Home | About | Sematext search-lucene.com search-hadoop.com
NEW: Monitor These Apps!
elasticsearch, apache solr, apache hbase, hadoop, redis, casssandra, amazon cloudwatch, mysql, memcached, apache kafka, apache zookeeper, apache storm, ubuntu, centOS, red hat, debian, puppet labs, java, senseiDB
 Search Hadoop and all its subprojects:

Switch to Threaded View
Accumulo >> mail # user >> IndexedDocIterator, indexing approaches


Copy link to this message
-
IndexedDocIterator, indexing approaches
Hello

The documentation has a couple of sections for indexing - 7.3 talks about
pulling back rowids to the client, doing your logic, then using
BatchScanners to submit a second query. 7.5 talks about Intersecting
Iterators and IndexedDocIterators which do all the work server/cluster side.

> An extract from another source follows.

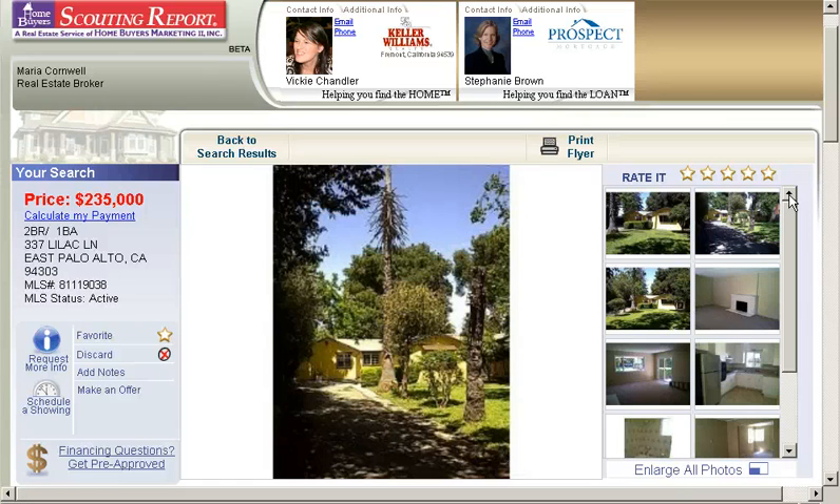Call me at 408-890-6126. If you want to find this property as well as all the others, you can go to stunningsanjosehomes.com and sign up for our free premium home search service, which will enable you to search the largest listing database in Northern California.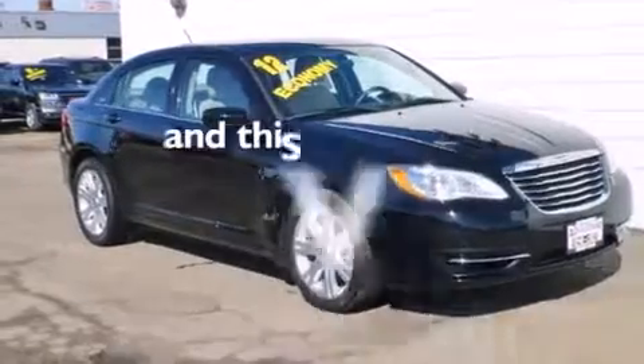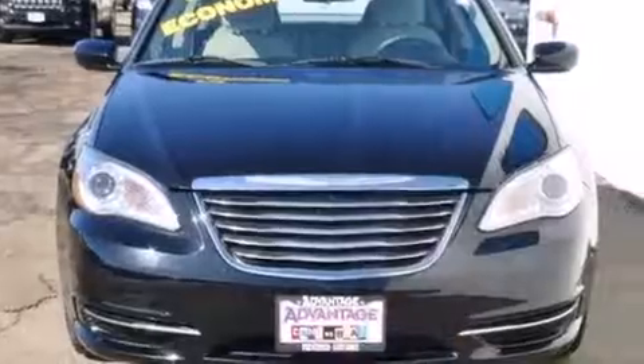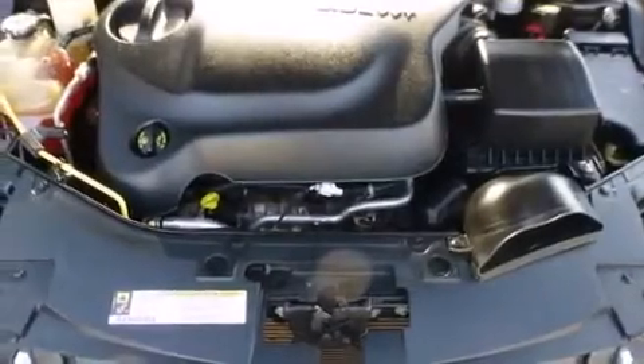This vehicle has fewer than 45,000 miles on the odometer. With an EPA estimated rating of 29 miles per gallon on the highway, this automobile pays off in the long run.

Getting the cluster to to do all the work seems like a better idea,
particularly on massive data sets, since you might hit limits on the client
- sounds reasonable, right?

So, I've taken a look at IndexedDocIterator and IntersectingIterator and
can both get them going with a few noddy examples of AND and NOT querying
being done server-side - so far so good, but what about other query
operations?
The wiki example uses IndexedDocIterator and talks about doing OR queries,
regex, and a "much more expressive query language" but I'm not sure how you
do this. (I can't find the source it refers to - where do I find it?)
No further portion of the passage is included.